We recently adopted a 4-year-old golden retriever named Sam. The nutshell version of the story is that Sam showed up with his family jewels still intact. In the process of taking care of it, the vet discovered that Sam had, at some point, suffered a “traumatic injury” to his nether regions that resulted in a badly healed, abnormally small prepuce (aka penis sheath, aka foreskin, aka your dog’s manhood permanently exposed). In order to keep him healthy, the vet did reconstructive surgery (which was very generous…don’t get me wrong).
It was not fun caring for a large, hyper dog who’d had plastic surgery on his man parts. I gave him lots of medicine. I administered the cone of shame. I had to keep him sedated so that he wouldn’t aggravate either wound. Finally, this Thursday, I took him in to get his stitches removed. The vet gave him a clean bill of health, but not without a warning…

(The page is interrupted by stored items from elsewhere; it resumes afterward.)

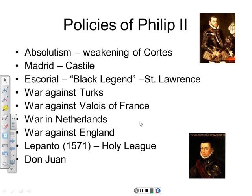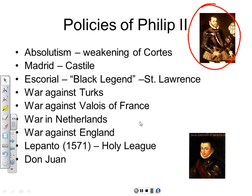Now let's talk about Philip II. He was very different from his father — he didn't like to travel a lot and decided to spend the bulk of his time in Spain. He was a Spaniard through and through; Spanish was his first language and most of his friends were fellow Castilians from central Spain.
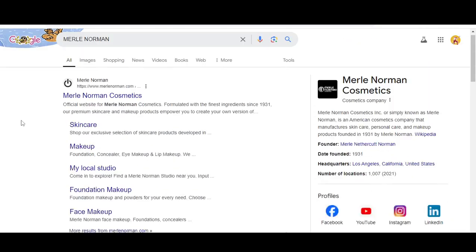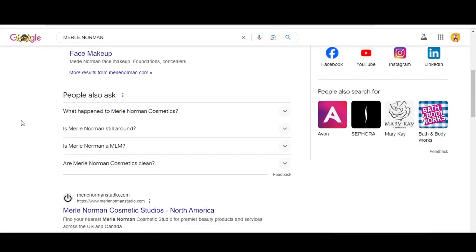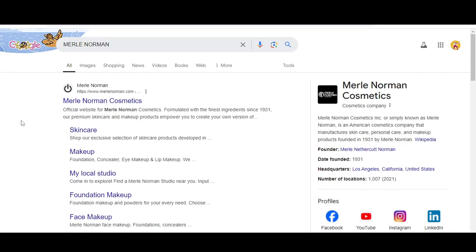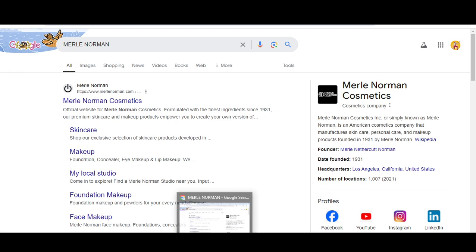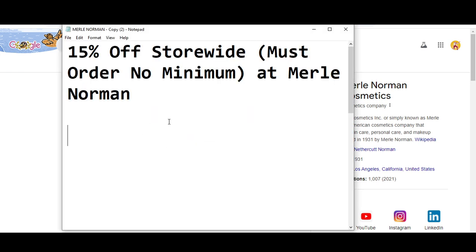Hey what's up guys, welcome to my YouTube channel Adnan City. Today I'm going to provide you a new promo code from Merle Norman dot com. So stay tuned and please like this video and subscribe to my channel and press the bell icon.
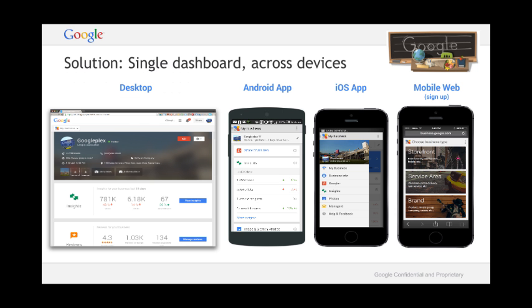You can access your dashboard across desktop or mobile, Android or iOS, so no matter where you are or what you're doing you can always update your business information.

The Vet: I did the best I could reconstructing it, but there was a lot of scar tissue.
Me: Well, he seems fine.
The Vet: Yes, but you’ll see that the preputial opening is distinctly pointed to the right.
He splays Sam out and points. I nod.
The Vet: What leg does he lift when he urinates?
Me: The right one, I think.
Really, I have no idea.
The Vet: That’s good. You might train him to always use the right.
I file this suggestion, along with the post-surgery suggestion that I go home and “ice his sack.” I’m a busy gal—-too busy to train my housebroken dog on his urinary technique. The vet offers to do another surgery to rotate the preputial opening. I thank him and promise that I’ll bring Sam back in if it seems necessary.
Before I go, the vet tells me about another surgery he recently did on a little chihuahua that had a penis problem. “I thought about trying to extend the prepuce, but his penis was so large,” he said. “I had to amputate it.” Ouch.
Sam…embrace your sideways junk, my friend, because it could have been a whole lot worse.